RECORDED INFORMATION START

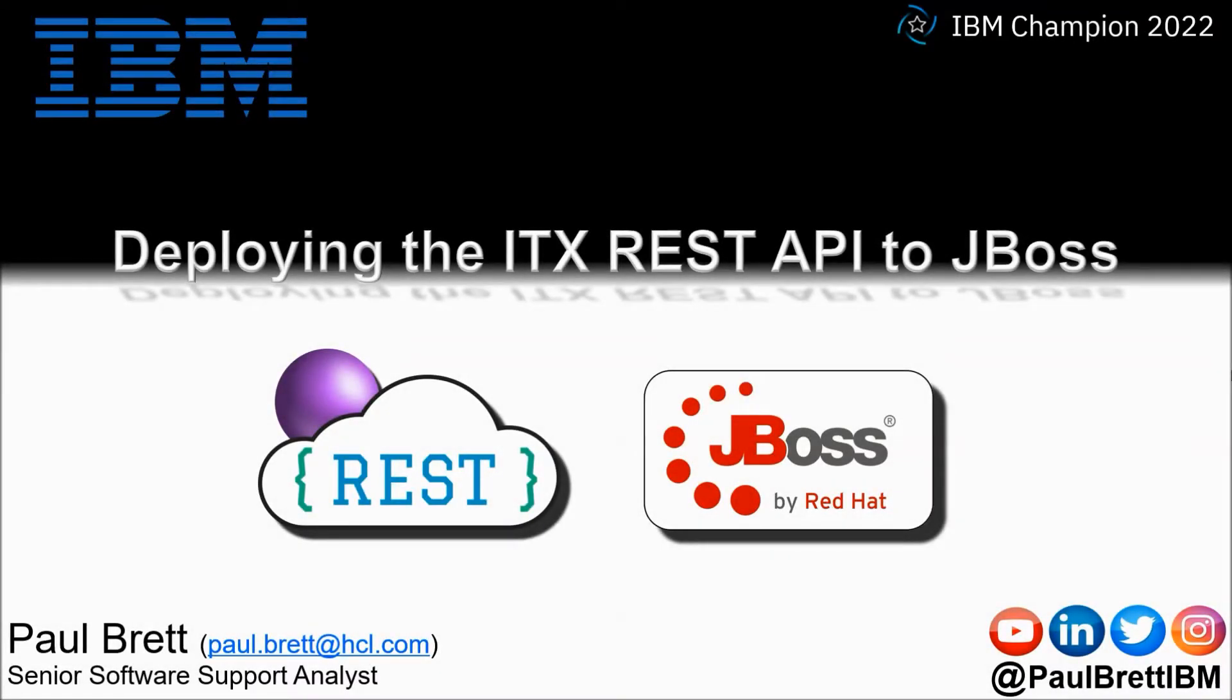Hello and welcome to this video presentation. My name is Paul Brett. I'm a Senior Software Support Analyst supporting the Transformation Extender product from IBM.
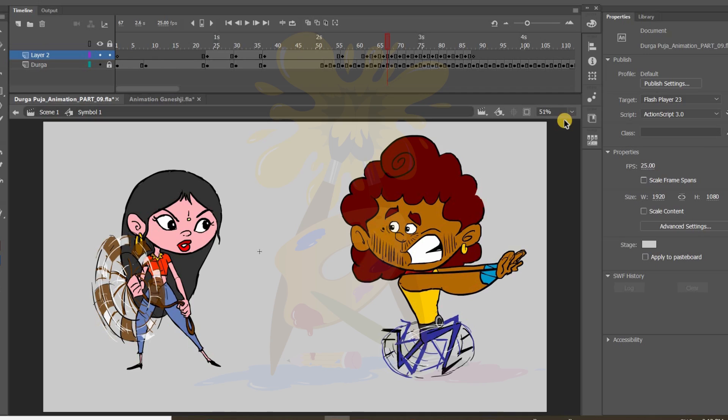And later on I will make a video on special effects also. How to draw special effects like water and fire. Everything I will include in my animation tutorials. But for the time being just try it out on your own. And let me know how it is working or not.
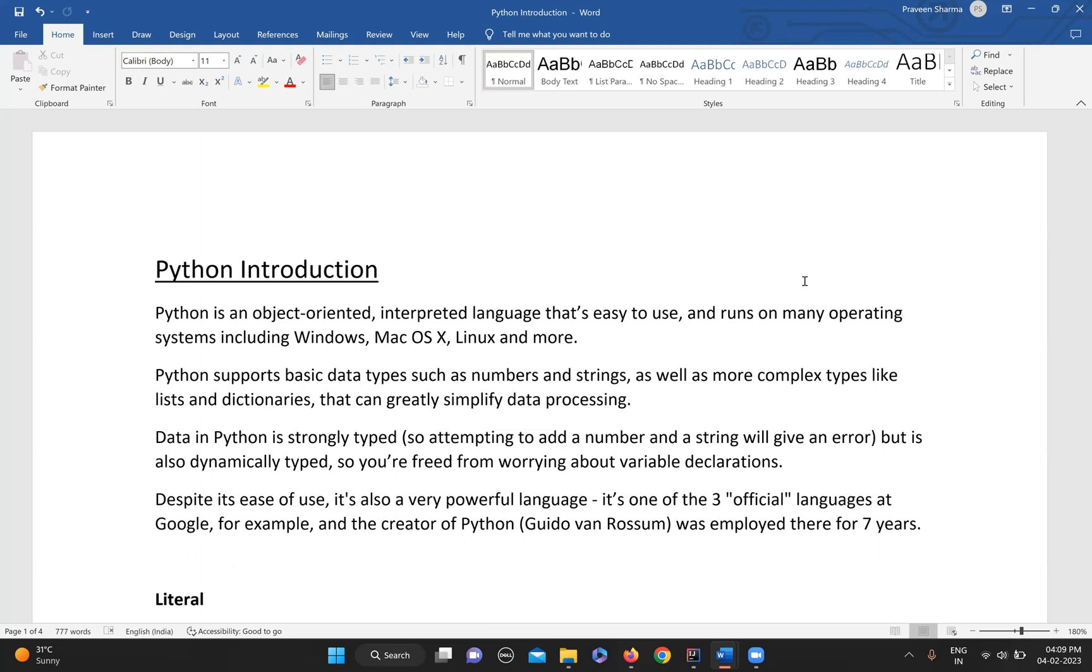We'll be starting today with our first tutorial of Python. Some people might feel curiosity about why they should learn a new language and what is the benefit of Python that they cannot get in any other language.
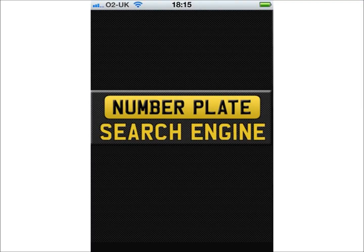Welcome to this introductory video for the NumberPlate search engine, available for free on the App Store. The NumberPlate search engine has been designed to search the leading number plate dealers for available number plates.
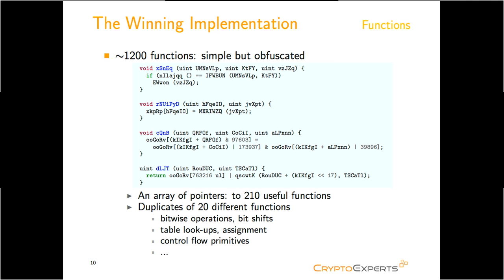More than 1,000 functions are defined. They are very simple but have a sophisticated look. We found that only about 200 of them are useful and they are indexed by an array. Further investigation shows that they are duplicates of only 20 different functions. They can be divided into several categories such as bitwise operations, table lookups, and control flow primitives.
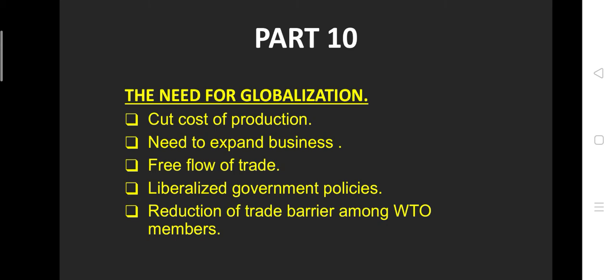If you are using any technology, the cost of production will decrease. Second is the need to expand business. Nobody wants to limit themselves in a particular domain; everybody wants exposure. So with the increase in the desire to expand business, it creates a zone which is known as globalization.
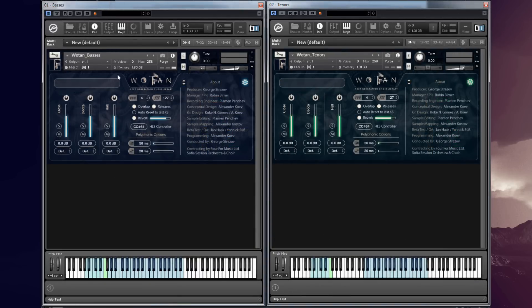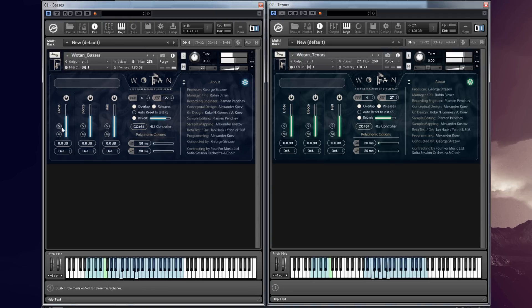You have three microphone positions: close, deca and hall. Let's listen to them in solo mode.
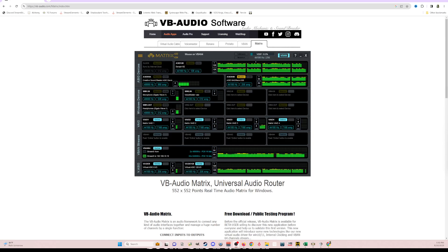Hello everyone, this is Gudian. I wanted to show you today a new program from the makers of VoiceMeeter called Matrix. It's by VB Audio, who makes VoiceMeeter, and Matrix is an audio router.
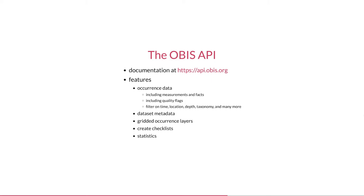The API is documented at api.obis.org where you can try out the different endpoints in the browser. These include endpoints for fetching occurrence data of course, but also for metadata, gridded occurrence layers, checklists, and statistics. All these endpoints accept a number of filters such as time, location, depth, and taxonomy.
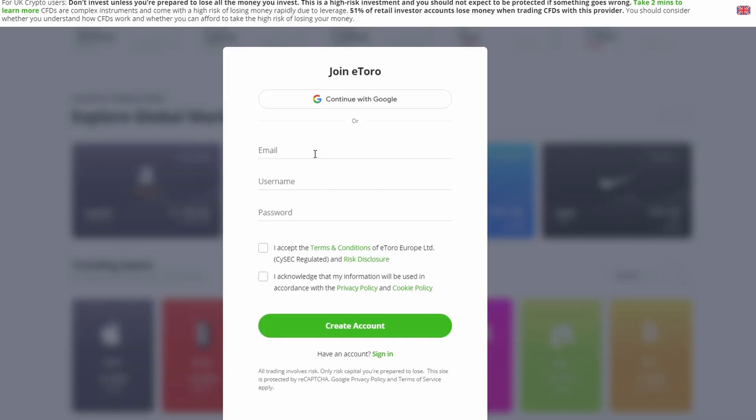You can create an account by manually entering your details. Type in the username you would like to use for your account in the first text box. Go to the next field and enter a valid email address that you want to associate with your eToro account.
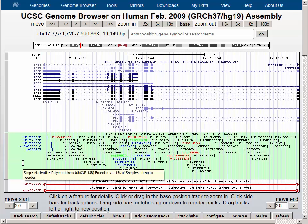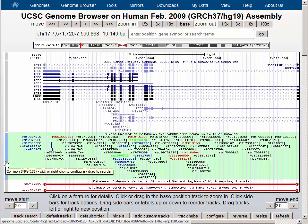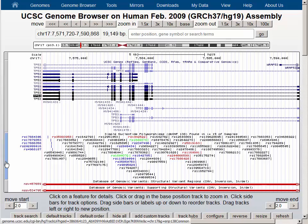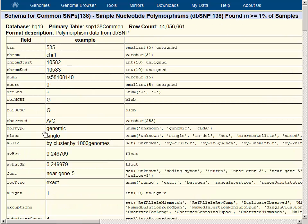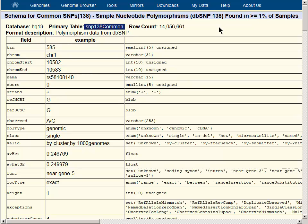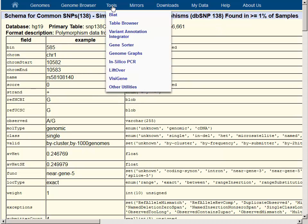Another way to tell the name of the table is to click on the little button on the left side of the screen. When a track is turned on, this little button takes you to a configuration page, which in the case of the SNP track, takes us to a page with a large number of filtering options and a number of other choices. On this page, the View Table Schema link will take you to a page that shows you the name of the database and the primary table that contains the coordinates for each of the items in the data track, if we wanted to download the table or query it using the table browser.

RECORDED INFORMATION END

# ACTIVITY:
Begin at the line that contains "If you are using" and transcribe exactly, and only, each line through the final line of the data above, both included; the pictures do not go in.

# SOLUTION:
If you are using any technology, the cost of production will decrease. Second is the need to expand business. Nobody wants to limit themselves in a particular domain; everybody wants exposure. So with the increase in the desire to expand business, it creates a zone which is known as globalization.
You have three microphone positions: close, deca and hall. Let's listen to them in solo mode.
Hello everyone, this is Gudian. I wanted to show you today a new program from the makers of VoiceMeeter called Matrix. It's by VB Audio, who makes VoiceMeeter, and Matrix is an audio router.
The API is documented at api.obis.org where you can try out the different endpoints in the browser. These include endpoints for fetching occurrence data of course, but also for metadata, gridded occurrence layers, checklists, and statistics. All these endpoints accept a number of filters such as time, location, depth, and taxonomy.
You can create an account by manually entering your details. Type in the username you would like to use for your account in the first text box. Go to the next field and enter a valid email address that you want to associate with your eToro account.
Another way to tell the name of the table is to click on the little button on the left side of the screen. When a track is turned on, this little button takes you to a configuration page, which in the case of the SNP track, takes us to a page with a large number of filtering options and a number of other choices. On this page, the View Table Schema link will take you to a page that shows you the name of the database and the primary table that contains the coordinates for each of the items in the data track, if we wanted to download the table or query it using the table browser.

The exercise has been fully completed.